Hinkle, who works as a videographer, organized search trips in his spare time to quarries and state parks in the state. At each body of water, he combed the depths for anything resembling Erwin’s car, first with a kayak outfitted with sonar gear, then by scuba diving. He documented the searches on a YouTube channel that he created after taking on Erwin’s case. For about a year, he was also unsuccessful. But Hinkle was compelled to continue as the case neared its 10th anniversary.
“It was frustrating,” Hinkle said. “But, you know, you mark those pins off your map. You get up the next day and schedule another time to go out and look. And you never give up, and you never lose.”

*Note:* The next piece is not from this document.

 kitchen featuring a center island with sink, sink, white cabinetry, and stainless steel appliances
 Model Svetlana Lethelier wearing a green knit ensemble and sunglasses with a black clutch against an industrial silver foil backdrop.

By December, Hinkle had traversed several caves and quarries, filed a Freedom of Information Act request to check whether a regional military base had encountered Erwin’s vehicle and backtracked to Erwin’s childhood home in Kansas City, Mo. He decided to start the search anew from Erwin’s Camdenton home. On Dec. 14, Hinkle was guiding his drone down a highway near Camdenton when he spotted an odd silhouette in a small pond. He took his kayak onto the pond and confirmed the shape he had seen from above was a car.

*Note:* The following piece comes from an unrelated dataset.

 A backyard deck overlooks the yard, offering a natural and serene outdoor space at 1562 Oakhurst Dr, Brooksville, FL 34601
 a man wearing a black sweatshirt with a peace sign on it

“If you asked me three days ago what I’d be doing today, it wouldn’t be this,” a breathless Hinkle said to his camera in a video he recorded of the search. “I’d hoped, but I wouldn’t have guessed this.”
Hinkle contacted the Camden County Sheriff’s Office. A few days later, authorities pulled the car up from the pond to discover a sodden, algae-covered Hyundai Elantra with Erwin’s license plate. Investigators eventually recovered human remains and a metal hip that was consistent with one that Erwin had before his disappearance, according to the sheriff’s office.
The sheriff’s office notified Erwin-Bowen of the discovery of the remains on Christmas Eve, as her family, and Erwin’s son, prepared to gather for the holidays.
“It was the best Christmas ever,” Erwin-Bowen said. “Just knowing that I can finally lay my brother to rest.”
Investigators are still waiting on an autopsy report to confirm that the remains recovered from the pond belong to Erwin, and plan to drain the pond to search for any additional evidence, according to a sheriff’s office spokesperson. Erwin-Bowen said that once the family has confirmation, they will hold a funeral for Erwin in the Ozarks and cremate his remains for his son to take home.
Hinkle said he’s still reeling from the unlikely conclusion to his search.
“When the reality kind of finally set in — you know, we’d found this guy, one of our veterans is coming home — I’ve had moments where I just sit alone and try to keep myself together,” he said.
Once he gathers himself, Hinkle said he plans to continue working on other missing persons cases in Missouri. The details of Angela Hammond’s story are still seared in his mind. And he knows now that with a kayak, a drone and a YouTube channel, even the coldest cases can be cracked.
“If somebody said, ‘Hey, we’re going to go search,’ ” Hinkle said, “I’d be there. Absolutely.”